What This Node Does
The Join node combines data from two datasets based on matching values in specified columns (join keys). Use it to enrich data by bringing in related information from another table—like adding customer details to orders or product information to transactions. [SCREENSHOT: Join node on canvas with two input connections showing “Joined 10,000 orders with 500 customers → 9,850 rows”]When to Use This Node
Use the Join node when you need to:- Enrich data - Add customer details to orders, product info to sales, category names to transactions
- Combine related tables - Merge orders with customers, transactions with accounts
- Lookup values - Add descriptions, labels, or metadata from reference tables
- Validate data - Verify records exist in reference table (inner join) or find missing matches (left join + filter)
Step-by-Step Usage Guide
1
Add Join node to canvas
2
Connect left input
Connect your primary dataset (e.g., orders) to the top input handle[SCREENSHOT: Orders node connected to top of Join node]
3
Connect right input
Connect your reference dataset (e.g., customers) to the bottom input handle[SCREENSHOT: Customers node connected to bottom of Join node]
4
Choose join type
Select Inner Join (only matches), Left Join (all left rows), Right Join, or Full Outer Join[SCREENSHOT: Join type dropdown with options]
5
Configure join keys
Select matching columns from left and right datasets.

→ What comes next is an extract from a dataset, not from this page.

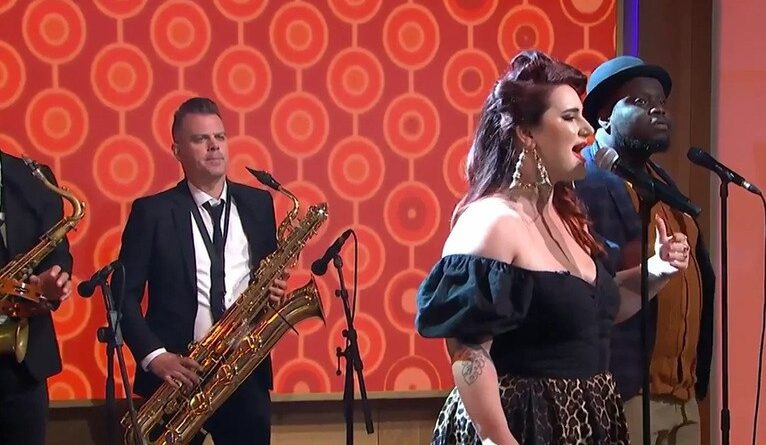 Banda original de Amy Winehouse se apresenta em São Paulo em maio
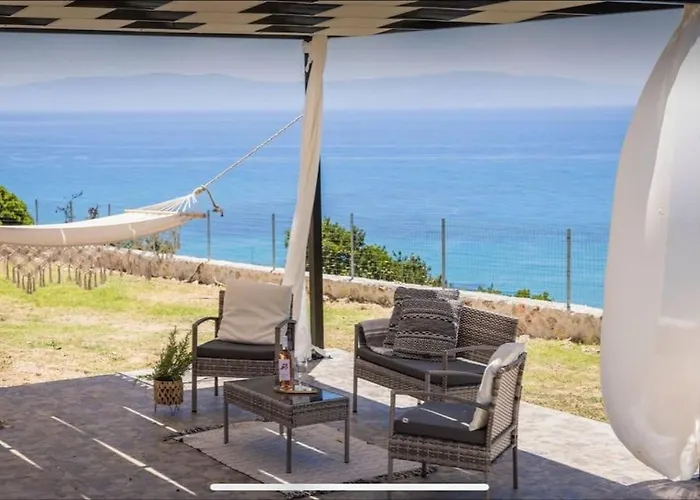 Kaminia Serenity House Casa de Férias *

Add multiple key pairs for compound joins.[SCREENSHOT: Join key configuration showing left and right column selection]
6
Preview joined results
Tips and Best Practices
LEFT JOIN for Enrichment: When enriching your main dataset with lookup data, use LEFT JOIN to keep all main rows even if lookup fails.
Deduplicate Right Dataset: If the right dataset has duplicate join keys, deduplicate first with a Distinct node to avoid cartesian products and row explosion.
Check Row Counts: Note input row counts before joining. If output is 10x or 100x larger, you likely have a many-to-many relationship causing duplication.
Small Right = Fast: Keep the right dataset small by filtering and selecting only needed columns before joining. This dramatically improves performance.
Handle NULLs After Left Join: Use COALESCE in a Formula node after LEFT JOIN to replace NULLs with defaults:
COALESCE(customer_name, 'Unknown').Column Suffixes: When both datasets have columns with the same name, use the Suffix resolution option to add _left and _right suffixes for clarity.